As part of the annual Supervisory Review and Evaluation Process (SREP), European banks are expected to assess their internal capital position under stressed scenarios in their ICAAP. However, 60% of EU banks do not have climate risk stress testing frameworks in place.

Our ESG team developed an approach to translate ESG scenarios of the Network for Greening the Financial System (NGFS) into bank specific scenarios, both for the short and long term. These can be applied on a bank’s portfolio to quantify the impact on risk parameters and explore possible impact on their strategy.

Besides the quantitative approach, we also include a qualitative angle to this process by organising an expert session workshop to ensure that the impact is realistic for a bank’s balance sheet, yet stays in line with market practice.

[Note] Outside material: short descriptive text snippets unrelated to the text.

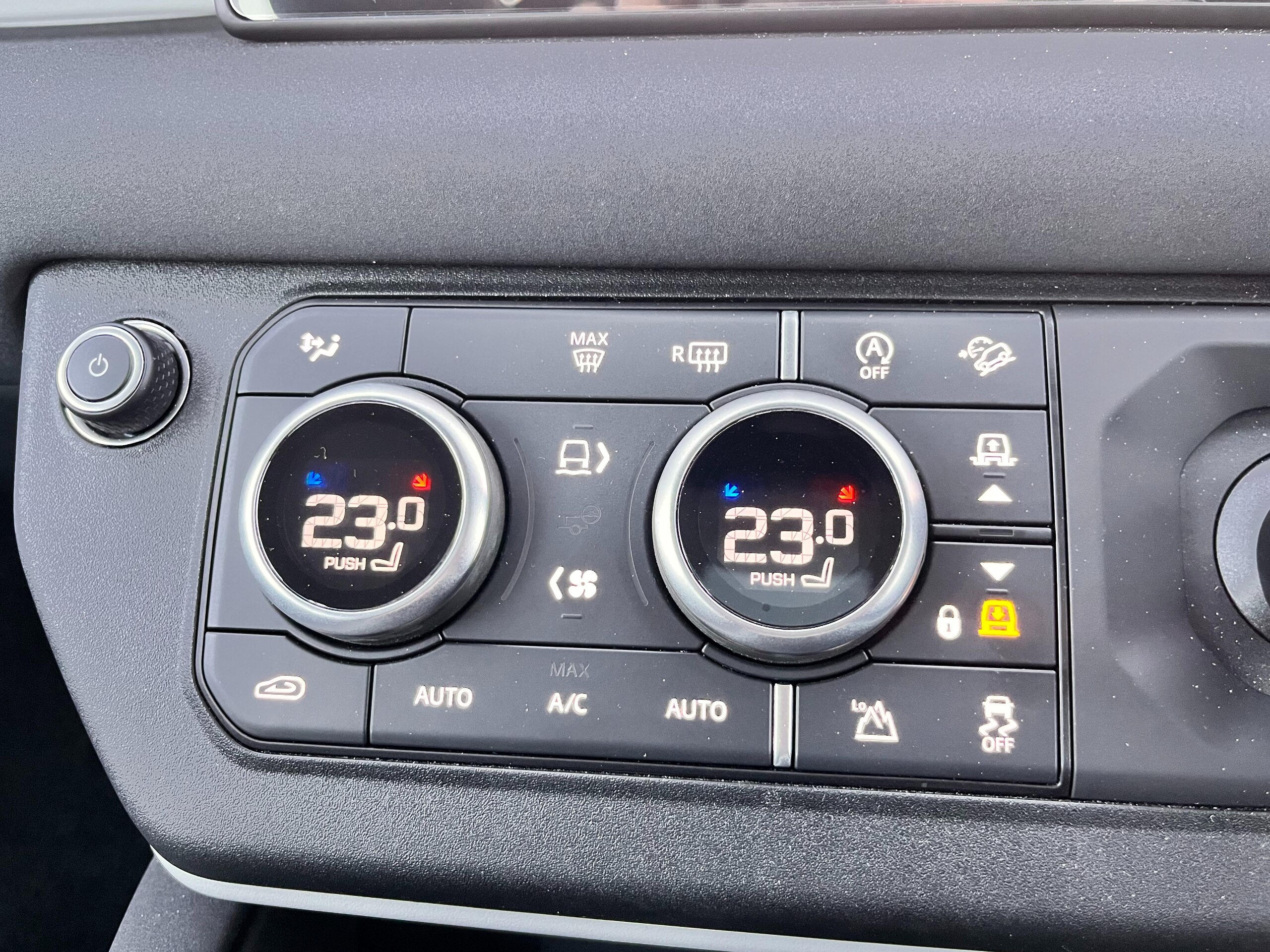 2023 Landrover Defender — photo 3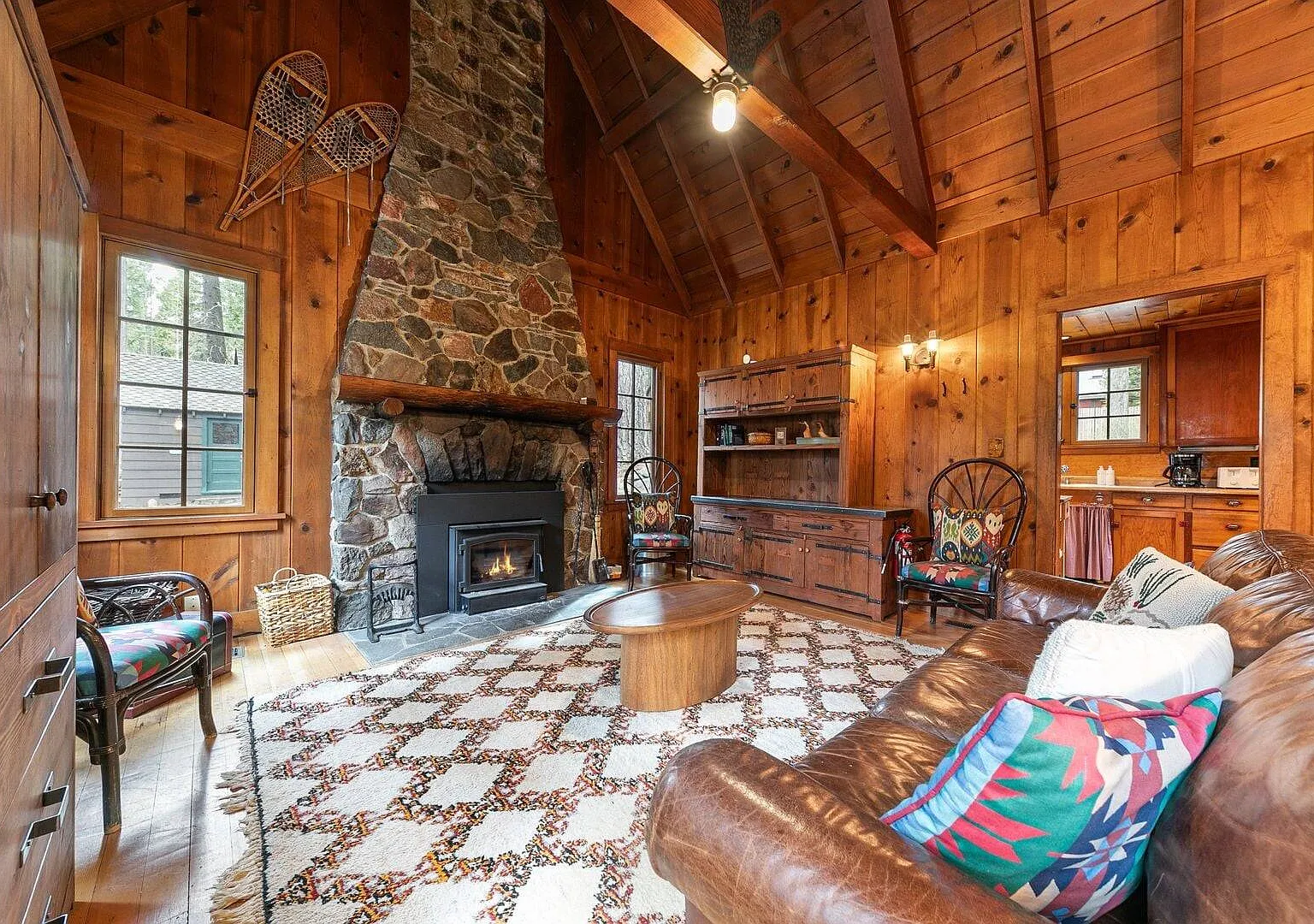 4 bed, 1407 sqft, $5,400 — Photo 4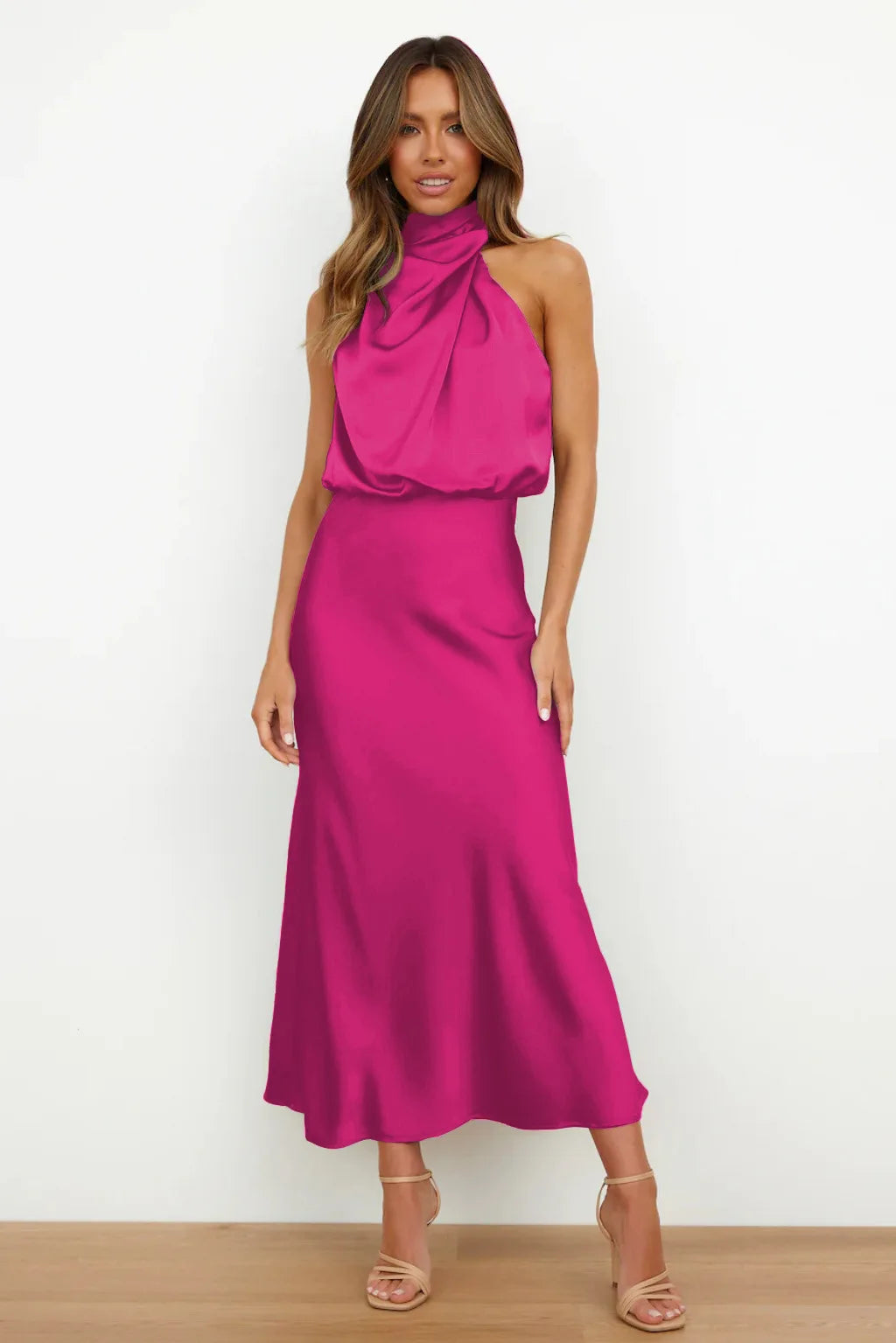 Mayra | Dress with halterneck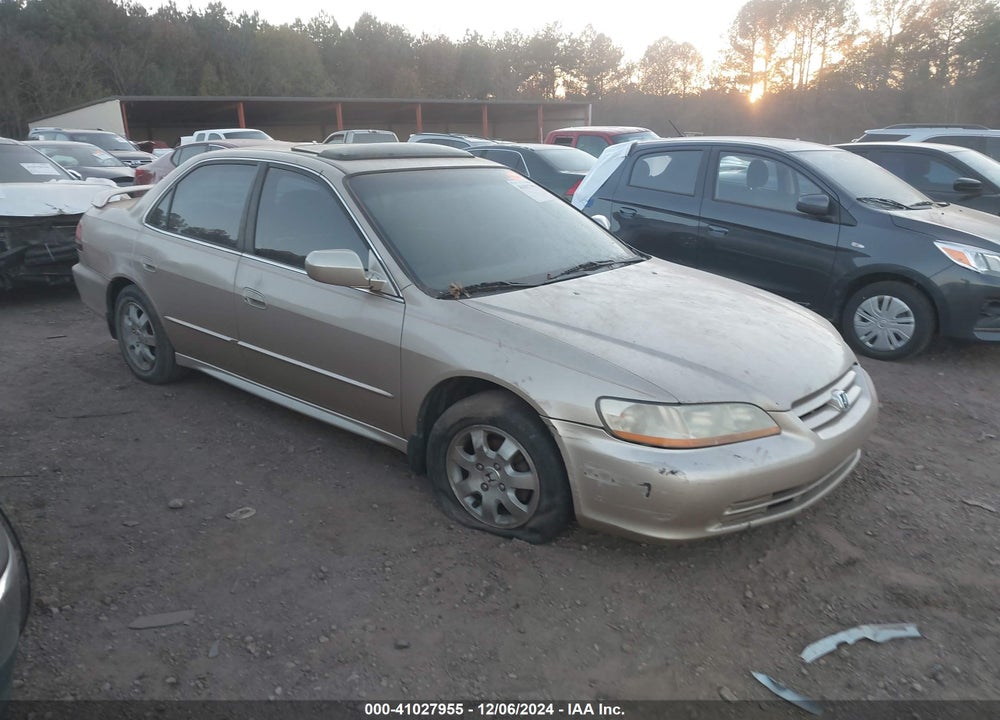 2001 HONDA ACCORD 2.3 EX VIN: 1HGCG566X1A052055
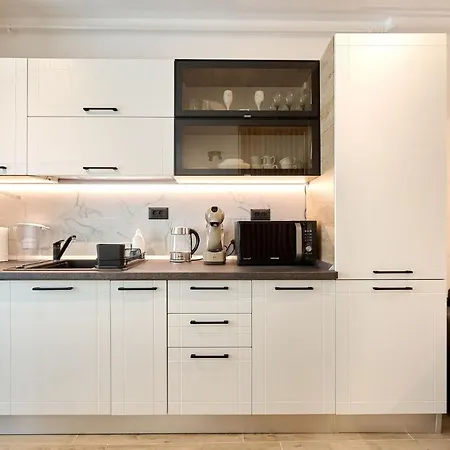 The Point In Infinity Spa&pools - Parking 马马亚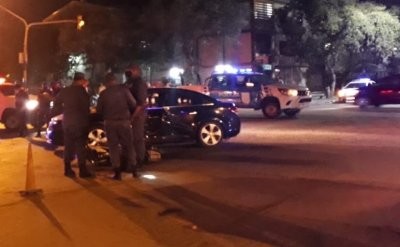 Chocaron una moto y un auto: una mujer falleció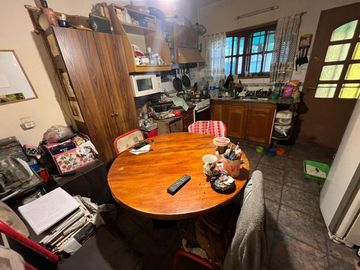 Venta de casa en 5 ambientes en zona Olivos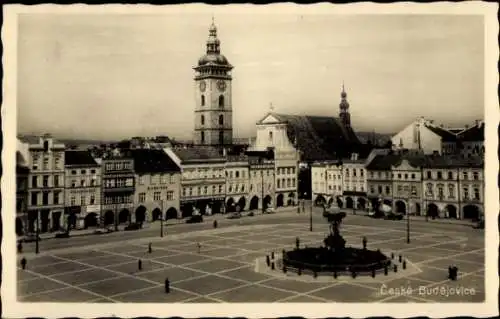 Ak České Budějovice Budweis Südböhmen, Hauptplatz mit Brunnen, r Architektur, Turm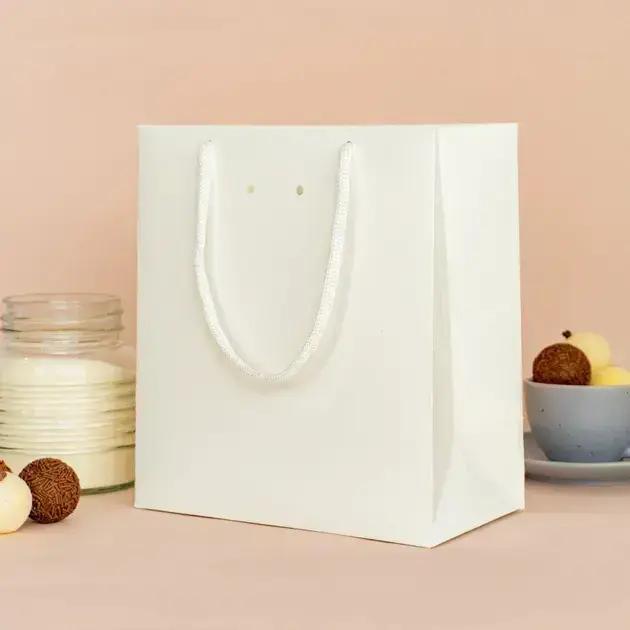 Como montar kits doces em caixas para presente que encantam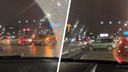 Массовое ДТП произошло на Октябрьском мосту — видео с места аварии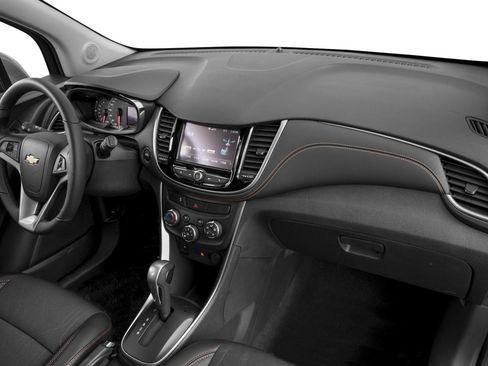 Used 2017 Chevrolet Trax LT FWD image 16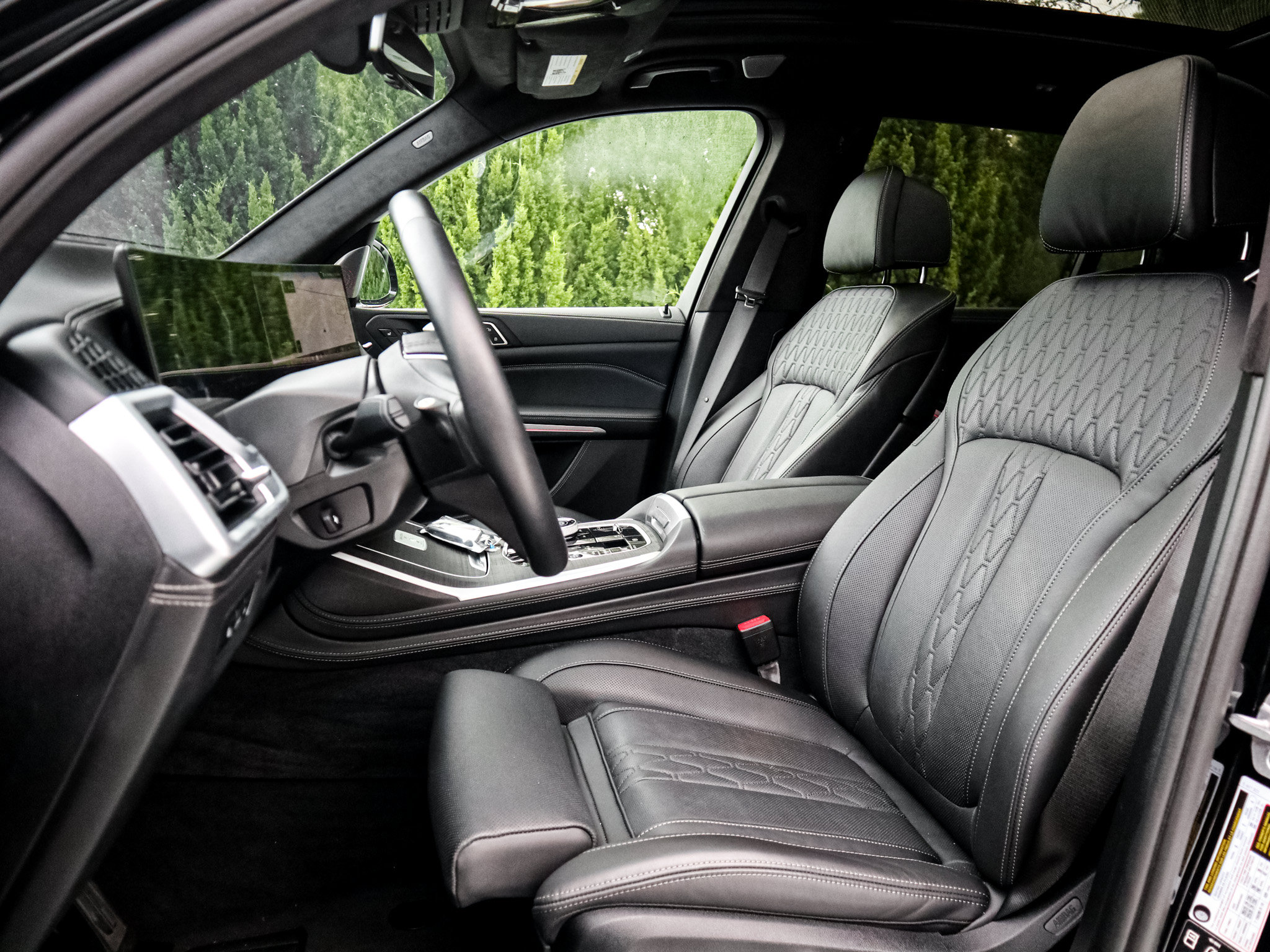 Used 2025 BMW ALPINA XB7 AWD/4WD image 16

This approach will work towards a tailor made solution for a bank’s balance sheet. Outcomes of the assessment are no black box, and argumentation for certain decisions and assumptions are clear and transparent, in line with supervisory expectations.

Do you want to know more about the ESG framework in banking?

Take a look at our blog “Understanding the Urgency for Setting up an ESG Data Architecture in the Financial Sector” in which we dive deeper into why ESG data is relevant, which challenges are associated with ESG data and metrics, and how we can help you improve your ESG data infrastructure. Of course you can always contact us for more information!

 

ESG stands for Environmental, Social and Governance factors. These are factors to evaluate companies on how advanced they are regarding sustainability.

The ESG framework helps organisations understand how they can manage risks and opportunities regarding ESG (the environmental, social, and governance criteria).

By investing time and energy into the ESG frameworks, banks can meet regulatory requirements. Other than that, it also enhances their reputation and credibility with clients and stakeholders.